公式スペック上の最大締付トルクはどちらも25N・mで同じです。実際の使用感については、WH3DAのジョイスティックスイッチ+スローモードによって「コントロール性」に差が出ます。パワーの上限値は同等ですが、繊細なトルク管理のしやすさではWH3DAが有利です。
Q. ペンインパクトはメイン機として使えますか?
最大トルク25N・mは、M5以下の小ねじ・木ねじが中心の用途であれば十分なパワーです。ただし、太いコーチボルトや高トルクが必要な金属ねじには力不足になることがあります。メインの18Vインパクトと組み合わせて「狭所・細ねじ専用のサブ機」として運用するのが現場での定番の使い方です。
Q. WH3DAのジョイスティックスイッチに慣れるにはどれくらいかかりますか?
ユーザーのレビューを見ると、「1〜2日の実作業で感覚をつかめた」という声が多いようです。トリガー式に何年も慣れた方は最初だけ戸惑いを感じることがありますが、操作の方向性自体はシンプルなので、慣れれば快適に使えるとの評価が多数です。
まとめ — どちらを選ぶか迷ったらこう決める
TD023DとWH3DA、2026年春に登場したペンインパクトの新鋭2機種を比較してきました。
まとめると、選び方はシンプルです:
- 細径ねじを大量に扱う・繊細なトルクコントロールが欲しい → WH3DA
- グローブ作業でビット交換が多い・左利き・カラバリ重視 → TD023D
- すでにマキタ7.2Vバッテリーを持っている → TD023D(ZモデルでOK)

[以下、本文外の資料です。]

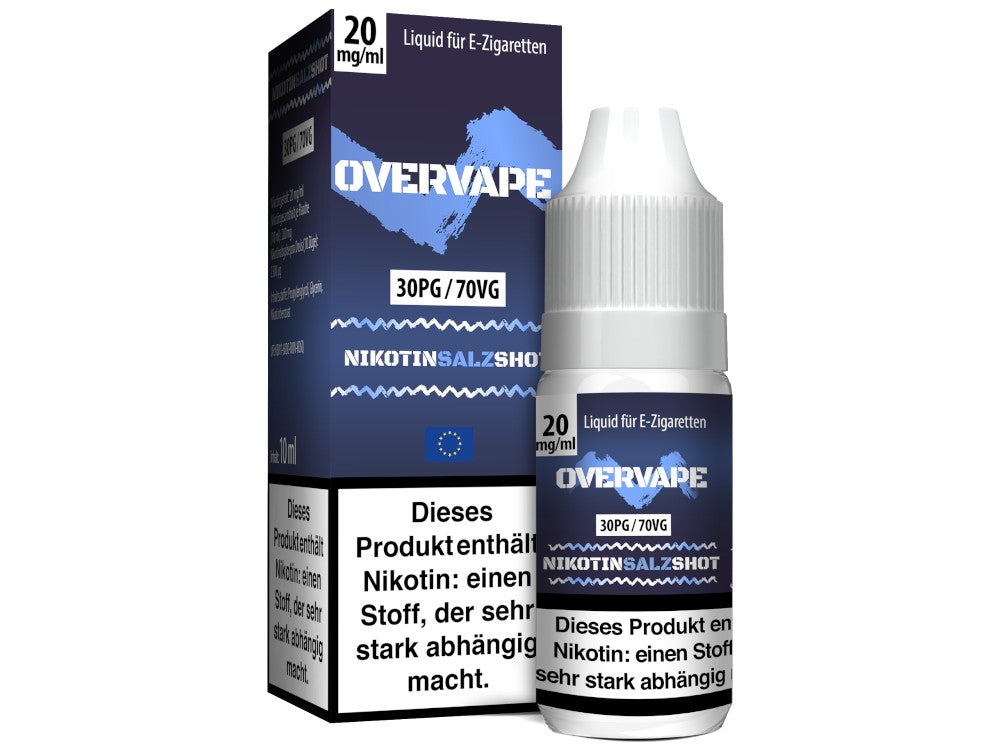 Overvape - Nikotinsalz Shot - 50PG/50VG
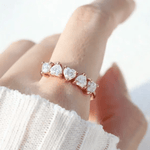 Eternity Heart Moissanite Band (White) by Elate - Love Estella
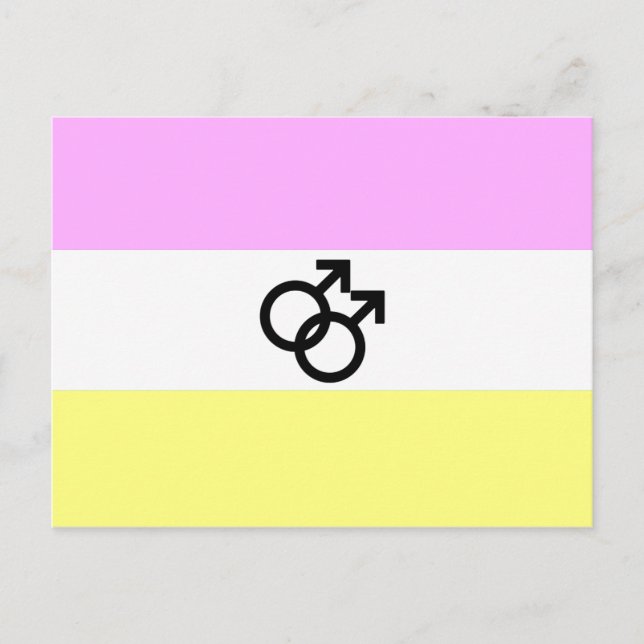 Cartão Postal Bandeira do Orgulho Twink (Frente)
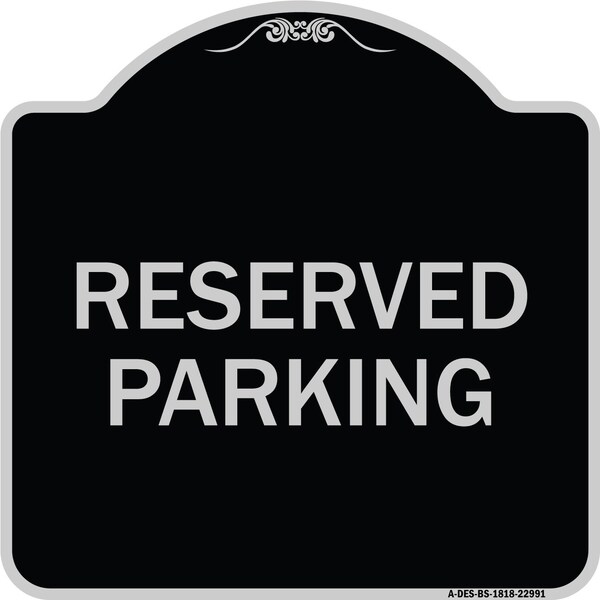 Reserved Parking Bright Yellow Heavy-Gauge Aluminum Architectural Sign, 18" x 18", BS-1818-22991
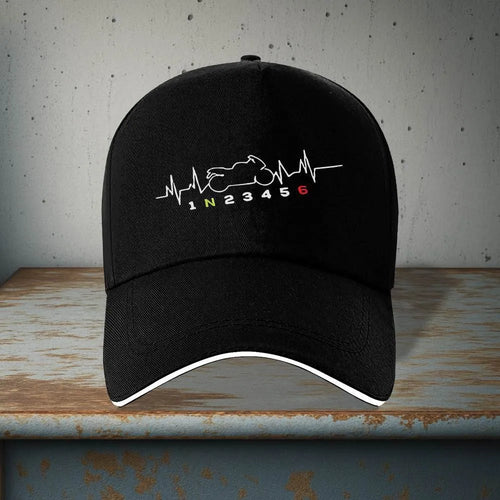 Motorcycle Gearbox Heartbeat Trucker Baseball Cap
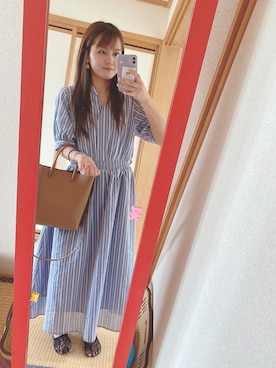「AS as know as（エーエス アズノウアズ）のアイテム（ワンピース）」を使った、ゅきたろさん（レディース・150cm）の夏コーディネート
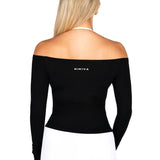 Off The Shoulder Top - Black - Kikiva Collection
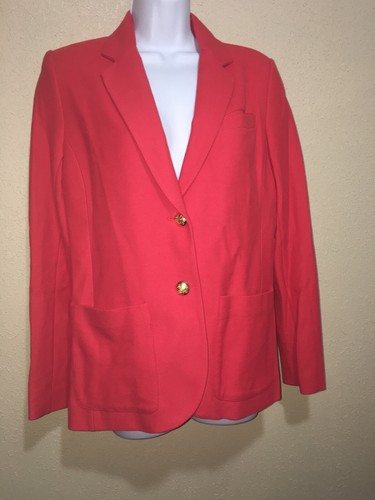 Giacca blazer Ralph Lauren maglia testurizzata cotone rosso bottoni oro tg L nuova - Foto 5 di 11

- ペンインパクトをはじめて買う・トリガー式に慣れている → TD023D
どちらも最大トルク25N・m・重量0.57〜0.58kgという、ペンインパクトとしての基本性能は同等です。あとは「操作方法の好み」と「スローモードの有無」をどう評価するか、自分の使いどころに合わせて選んでもらえればと思います。
購入前に「自分の現場でどんなねじを締めることが多いか」をイメージしてから選ぶと、後悔が少ないですよ。